Ben Ahlvers thought the $1,000 grant he was going to receive from the Kansas Arts Commission would help pay for a residency this summer in Montana.
The Lawrence ceramist was one of those selected by the Arts Commission for this year’s Kansas Mid-Career Fellowships.
But this year, due to state budget cuts, there will be no money that comes with the fellowships.
“They’ll be getting a certificate,” says Christine Dotterweich Bial, program manager for community and artist partnerships.
Bial says the Arts Commission learned of the cuts in November and asked those who applied if they wanted to continue the selection process. Everyone said yes, according to Bial, and it could still look good on a résumé.
“It could be a jumping off point for other work,” she says.
In all, three artists were selected for Master Fellowships (which would normally come with $5,000), eight for Mid-Career Fellowships ($1,000) and five for Emerging Artist Awards ($250).
“It wasn’t a big deal,” says Ahlvers, who hopes to sell some art to pay for his trip. “But a thousand bucks is a thousand bucks.”
He adds: “It is an affirmation of what you’re doing by people who look at that stuff.

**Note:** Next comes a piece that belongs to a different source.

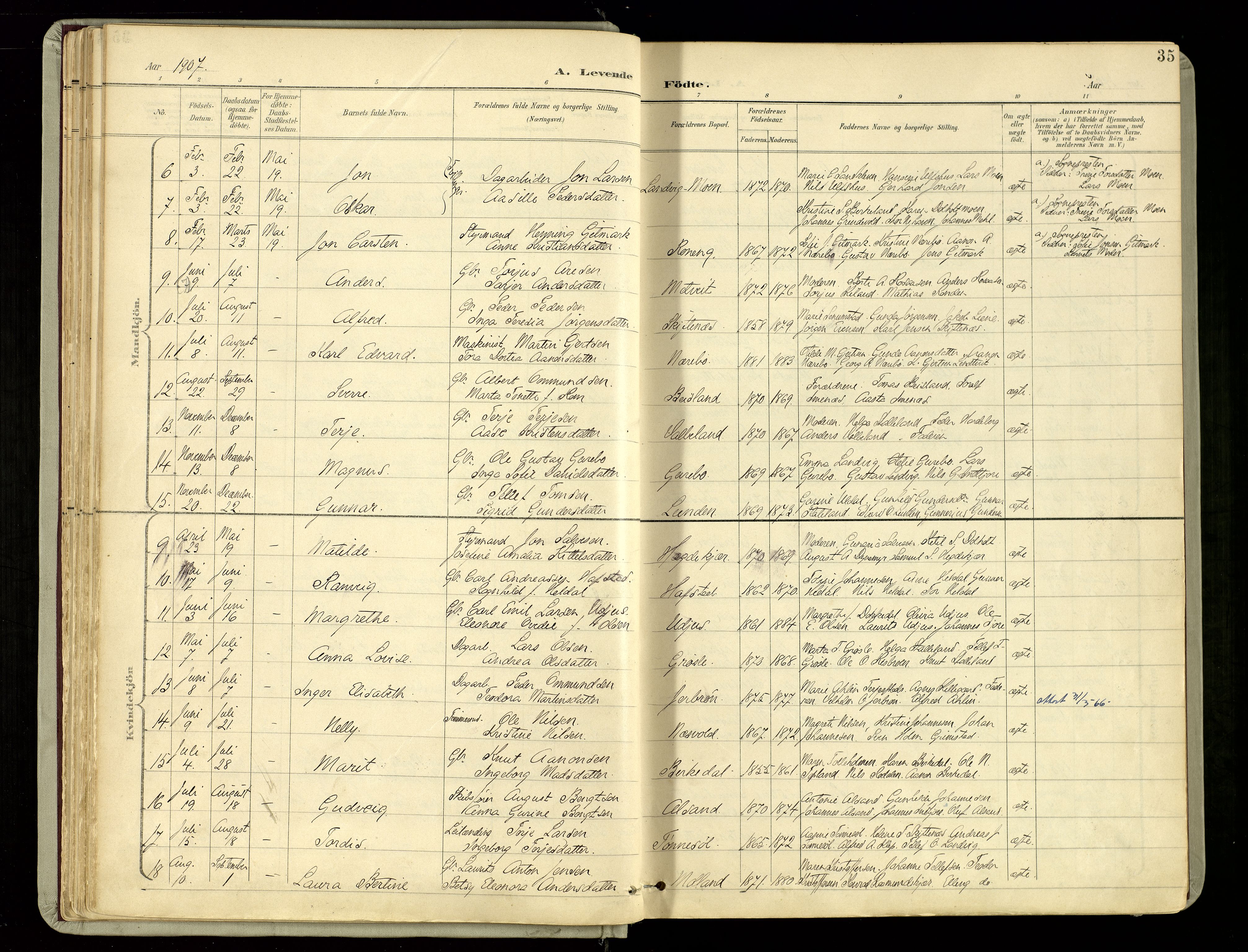 Hommedal sokneprestkontor, SAK/1111-0023/F/Fa/Fab/L0007: Parish register (official) no. A 7, 1898-1924, p. 35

Sure, the money would be nice, but it’s not purely one or the other.”
Others in Lawrence selected for honors were Patrick Suzeau (choreography), Master Fellowship; Lisa Grossman (visual and fine art) and Michelle Heffner Hayes (choreography), Mid-Career Fellowships; and Cory Hills (music composition), Emerging Artist Award.
All recipients will be honored during a reception Wednesday evening at the Hayden Office Building in Topeka. Ahlvers doesn’t think he can consume $1,000 worth of snacks at the reception.
“I’d sure like to try that,” he says. “That’s a lot of boxed wine and finger foods.”